The deterministic multifacies heterogeneous model, the random multifacies heterogeneous model, and the wholly heterogeneous model are created to define the heterogeneous properties of deep saline aquifers based on the data available. The distribution and pressure transfer properties of CO2 following a 2-year injection were investigated. The following are the primary conclusions:

  • (1)

    We offer the following strategy for constructing alternative heterogeneous models based on whether the amount of data is sufficient: firstly, when the in situ hydrogeological parameter data are more detailed, a wholly heterogeneous model can be established by assigning different hydrogeological parameters to each grid unit in the model; under limited data conditions, rock masses with the same hydrogeological characteristics can be classified into the same lithofacies and establish a multifacies heterogeneous model. When the hydrogeological parameters of the target formation area are unknown, the heterogeneity of the formation can be characterized by randomly generating the spatial distribution of permeability of multifacies based on the transfer probability theory and establishing a random multifacies heterogeneous model as close as possible to the field distribution characteristics of the formation

  • (2)

    The migration of CO2 in heterogeneous deep saline aquifers shows a significant fingering flow phenomenon and reflects the physical process in CO2 storage.
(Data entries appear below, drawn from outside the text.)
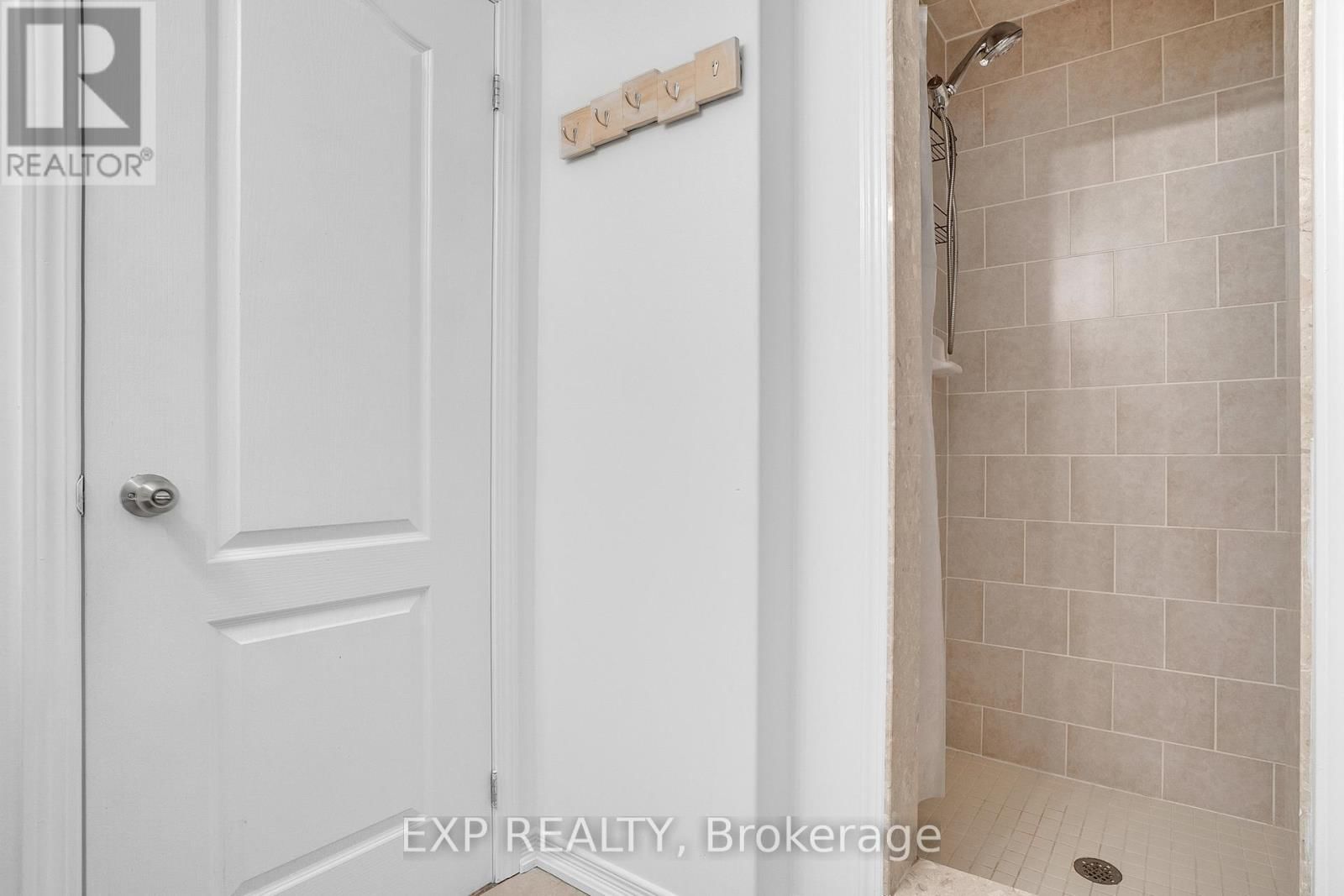 6 - 75 PRINCE WILLIAM WAY Image 29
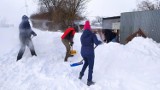 Członkowie Przemyskiej Grupy Rowerowej pomogli odśnieżyć drogę do schroniska dla psów w Orzechowcach koło Przemyśla [ZDJĘCIA]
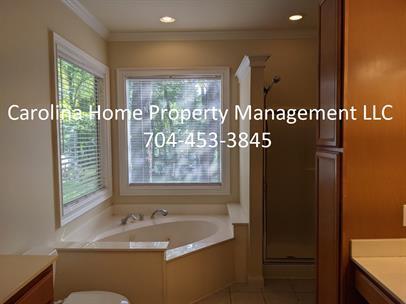 Foto principal - 6217 Randy Dr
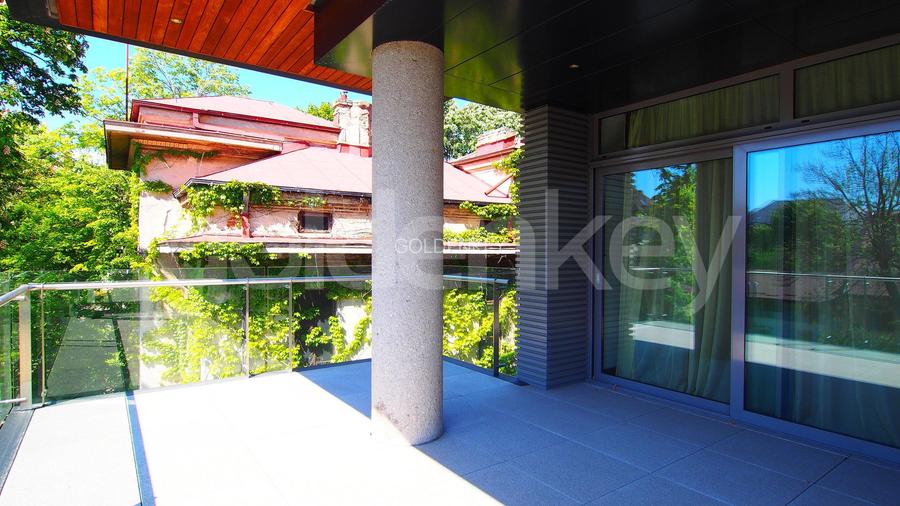 Apartament spatios cu 4 camere | 40mp terase | 3 locuri de parcare - 15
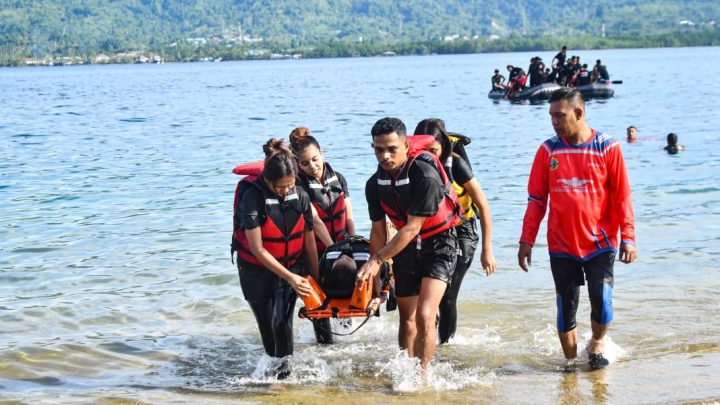 Kodaeral IX Beri Pelatihan Evakuasi Medis Laut bagi 52 Mahasiswa STIKes Pasapua Ambon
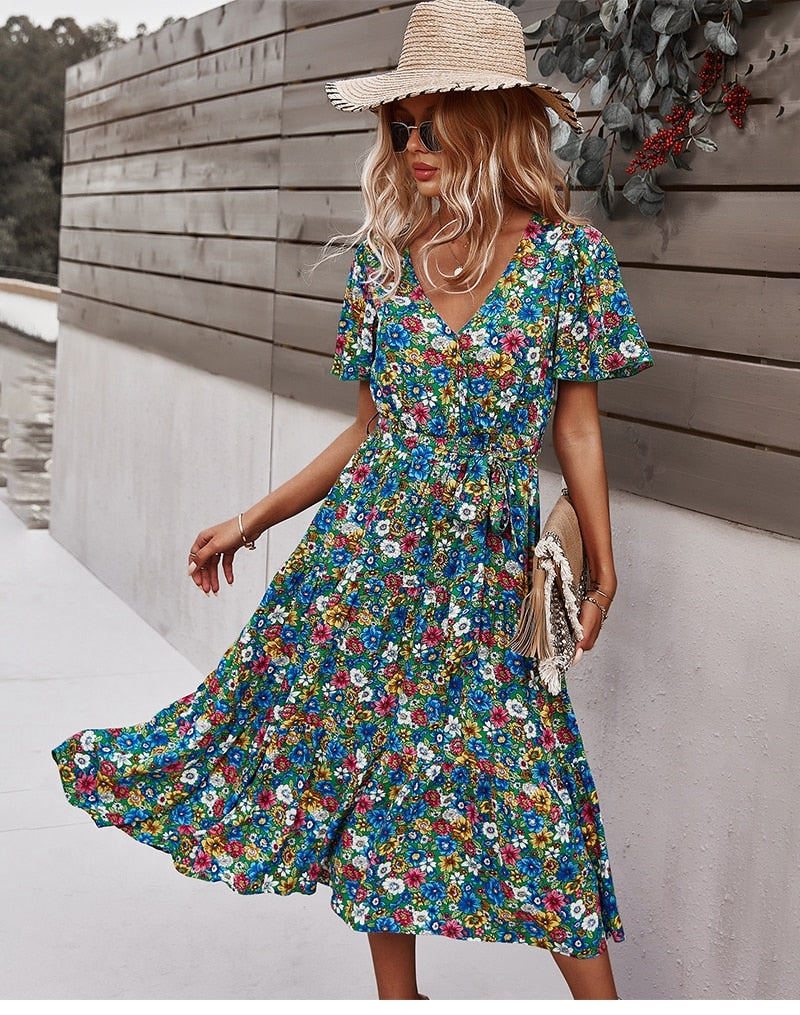 Geblümtes Vintage Sommerkleid mit Wadenlangen Rock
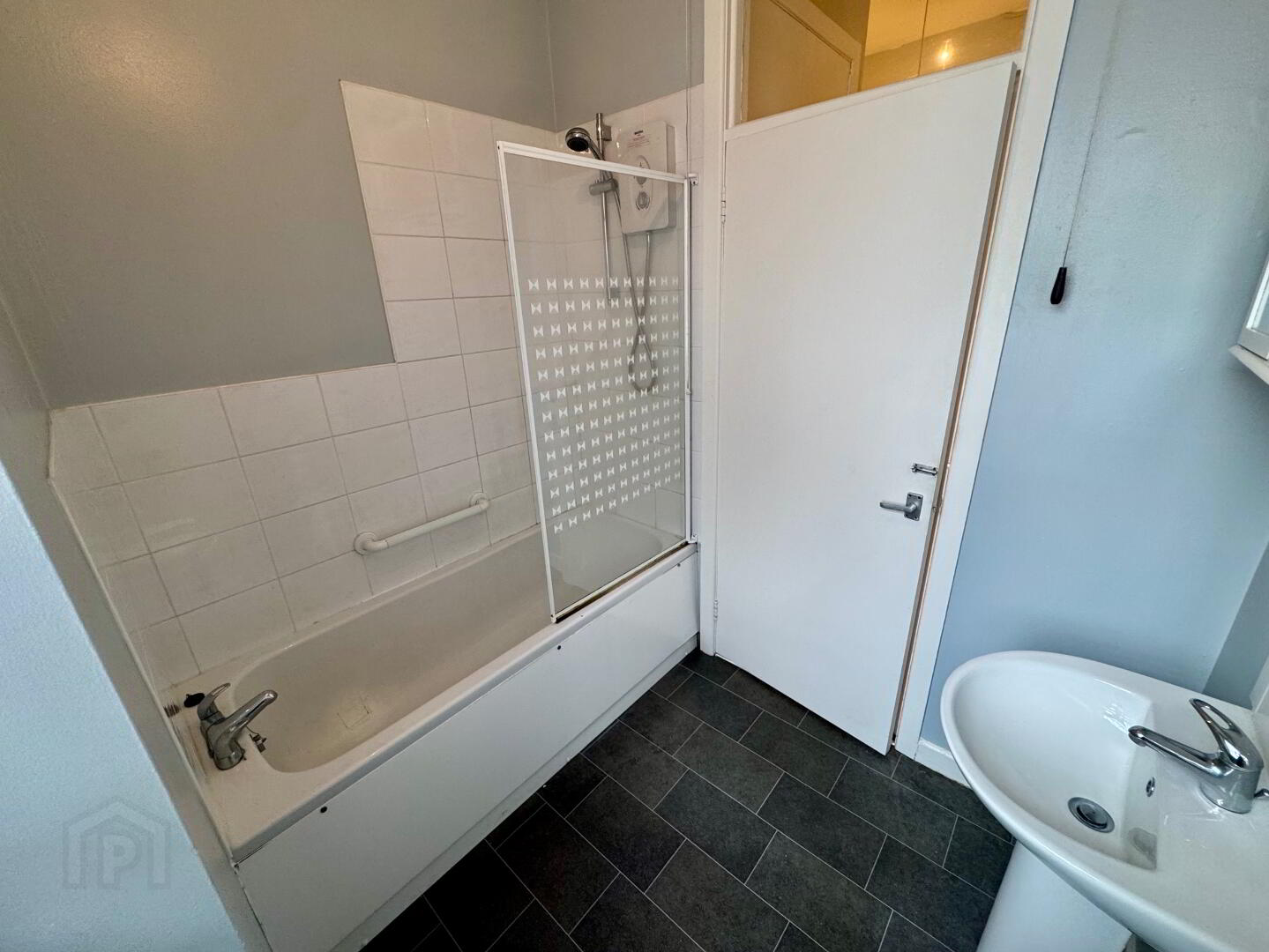 Apt 3 Invermore House, Ilse Court 11 of 11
The completely heterogeneous model is simplified by the deterministic multifacies heterogeneous model. The distribution of gas CO2 produced using the two models is identical; it shows that simplifying the wholly heterogeneous model as a lithofacies classification structure is sufficient for numerical simulation of the CO2 storage. The CO2 distribution in the unknown formation segment is close to the known formation section; the multifacies heterogeneous model based on the transfer probability theory can be used to evaluate the distribution of CO2 in the unknown formations and is an effective way to explore the CO2 migration law of the unknown formation

  • (3)

    In the simplified classification of heterogeneous models, the strong heterogeneity is simplified to local homogeneity, and the dry-out effect is weakened. It is necessary to refine the grid and subdivide the lithofacies of the local key area units when the spatial scale of the research problem is small

  • (4)

    The method provides a feasible reference for heterogeneous modeling in the data-deficient region and the simplification of large-scale heterogeneous modeling works

All data generated or analyzed during this study are included in this published article and references.

The authors declare that there is no conflict of interest regarding the publication of this paper.

The research was supported by the Jiangsu Planned Projects for Postdoctoral Research Funds (No. 2020Z006).